◆ **What needs to be done**
All of the records are to be copied out exactly, with nothing left out.

◆ **Excerpted records**
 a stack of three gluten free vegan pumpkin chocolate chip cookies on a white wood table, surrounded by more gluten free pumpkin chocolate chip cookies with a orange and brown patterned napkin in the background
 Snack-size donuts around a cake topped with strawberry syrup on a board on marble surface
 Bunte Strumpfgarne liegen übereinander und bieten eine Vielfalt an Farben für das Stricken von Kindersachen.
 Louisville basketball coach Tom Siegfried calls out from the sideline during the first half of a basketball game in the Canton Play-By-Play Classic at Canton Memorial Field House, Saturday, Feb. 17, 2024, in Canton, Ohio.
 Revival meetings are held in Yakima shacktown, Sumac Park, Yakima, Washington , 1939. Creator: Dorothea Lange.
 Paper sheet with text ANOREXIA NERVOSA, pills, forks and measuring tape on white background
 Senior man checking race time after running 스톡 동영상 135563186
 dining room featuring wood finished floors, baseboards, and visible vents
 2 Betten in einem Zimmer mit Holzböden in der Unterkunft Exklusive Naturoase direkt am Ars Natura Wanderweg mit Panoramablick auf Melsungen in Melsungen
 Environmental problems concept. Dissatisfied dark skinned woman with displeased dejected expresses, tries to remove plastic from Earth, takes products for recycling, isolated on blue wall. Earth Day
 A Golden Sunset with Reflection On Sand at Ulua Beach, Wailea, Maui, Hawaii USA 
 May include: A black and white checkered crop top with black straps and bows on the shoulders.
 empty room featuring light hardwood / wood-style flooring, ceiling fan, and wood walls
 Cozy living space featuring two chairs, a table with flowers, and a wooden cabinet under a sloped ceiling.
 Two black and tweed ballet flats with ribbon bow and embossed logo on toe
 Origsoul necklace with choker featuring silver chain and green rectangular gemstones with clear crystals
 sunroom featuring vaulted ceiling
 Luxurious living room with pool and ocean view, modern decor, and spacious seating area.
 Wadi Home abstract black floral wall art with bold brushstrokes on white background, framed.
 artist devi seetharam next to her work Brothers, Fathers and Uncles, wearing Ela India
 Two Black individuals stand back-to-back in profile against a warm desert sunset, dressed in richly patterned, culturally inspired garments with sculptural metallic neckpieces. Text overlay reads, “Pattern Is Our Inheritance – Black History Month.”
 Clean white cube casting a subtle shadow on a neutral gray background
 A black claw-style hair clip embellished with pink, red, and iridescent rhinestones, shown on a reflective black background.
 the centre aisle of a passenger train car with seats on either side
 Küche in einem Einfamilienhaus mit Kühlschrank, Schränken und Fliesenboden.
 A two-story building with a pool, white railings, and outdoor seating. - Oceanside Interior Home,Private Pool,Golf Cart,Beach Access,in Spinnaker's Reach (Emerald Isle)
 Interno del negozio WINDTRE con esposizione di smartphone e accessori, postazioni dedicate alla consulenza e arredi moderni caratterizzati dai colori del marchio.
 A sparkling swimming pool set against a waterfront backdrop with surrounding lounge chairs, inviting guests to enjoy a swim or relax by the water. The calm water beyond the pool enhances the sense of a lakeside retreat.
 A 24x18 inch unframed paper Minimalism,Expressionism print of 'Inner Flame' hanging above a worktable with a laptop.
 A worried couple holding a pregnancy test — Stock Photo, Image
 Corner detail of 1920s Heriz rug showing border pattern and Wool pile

◆ **Exercise result**
 a stack of three gluten free vegan pumpkin chocolate chip cookies on a white wood table, surrounded by more gluten free pumpkin chocolate chip cookies with a orange and brown patterned napkin in the background
 Snack-size donuts around a cake topped with strawberry syrup on a board on marble surface
 Bunte Strumpfgarne liegen übereinander und bieten eine Vielfalt an Farben für das Stricken von Kindersachen.
 Louisville basketball coach Tom Siegfried calls out from the sideline during the first half of a basketball game in the Canton Play-By-Play Classic at Canton Memorial Field House, Saturday, Feb. 17, 2024, in Canton, Ohio.
 Revival meetings are held in Yakima shacktown, Sumac Park, Yakima, Washington , 1939. Creator: Dorothea Lange.
 Paper sheet with text ANOREXIA NERVOSA, pills, forks and measuring tape on white background
 Senior man checking race time after running 스톡 동영상 135563186
 dining room featuring wood finished floors, baseboards, and visible vents
 2 Betten in einem Zimmer mit Holzböden in der Unterkunft Exklusive Naturoase direkt am Ars Natura Wanderweg mit Panoramablick auf Melsungen in Melsungen
 Environmental problems concept. Dissatisfied dark skinned woman with displeased dejected expresses, tries to remove plastic from Earth, takes products for recycling, isolated on blue wall. Earth Day
 A Golden Sunset with Reflection On Sand at Ulua Beach, Wailea, Maui, Hawaii USA 
 May include: A black and white checkered crop top with black straps and bows on the shoulders.
 empty room featuring light hardwood / wood-style flooring, ceiling fan, and wood walls
 Cozy living space featuring two chairs, a table with flowers, and a wooden cabinet under a sloped ceiling.
 Two black and tweed ballet flats with ribbon bow and embossed logo on toe
 Origsoul necklace with choker featuring silver chain and green rectangular gemstones with clear crystals
 sunroom featuring vaulted ceiling
 Luxurious living room with pool and ocean view, modern decor, and spacious seating area.
 Wadi Home abstract black floral wall art with bold brushstrokes on white background, framed.
 artist devi seetharam next to her work Brothers, Fathers and Uncles, wearing Ela India
 Two Black individuals stand back-to-back in profile against a warm desert sunset, dressed in richly patterned, culturally inspired garments with sculptural metallic neckpieces. Text overlay reads, “Pattern Is Our Inheritance – Black History Month.”
 Clean white cube casting a subtle shadow on a neutral gray background
 A black claw-style hair clip embellished with pink, red, and iridescent rhinestones, shown on a reflective black background.
 the centre aisle of a passenger train car with seats on either side
 Küche in einem Einfamilienhaus mit Kühlschrank, Schränken und Fliesenboden.
 A two-story building with a pool, white railings, and outdoor seating. - Oceanside Interior Home,Private Pool,Golf Cart,Beach Access,in Spinnaker's Reach (Emerald Isle)
 Interno del negozio WINDTRE con esposizione di smartphone e accessori, postazioni dedicate alla consulenza e arredi moderni caratterizzati dai colori del marchio.
 A sparkling swimming pool set against a waterfront backdrop with surrounding lounge chairs, inviting guests to enjoy a swim or relax by the water. The calm water beyond the pool enhances the sense of a lakeside retreat.
 A 24x18 inch unframed paper Minimalism,Expressionism print of 'Inner Flame' hanging above a worktable with a laptop.
 A worried couple holding a pregnancy test — Stock Photo, Image
 Corner detail of 1920s Heriz rug showing border pattern and Wool pile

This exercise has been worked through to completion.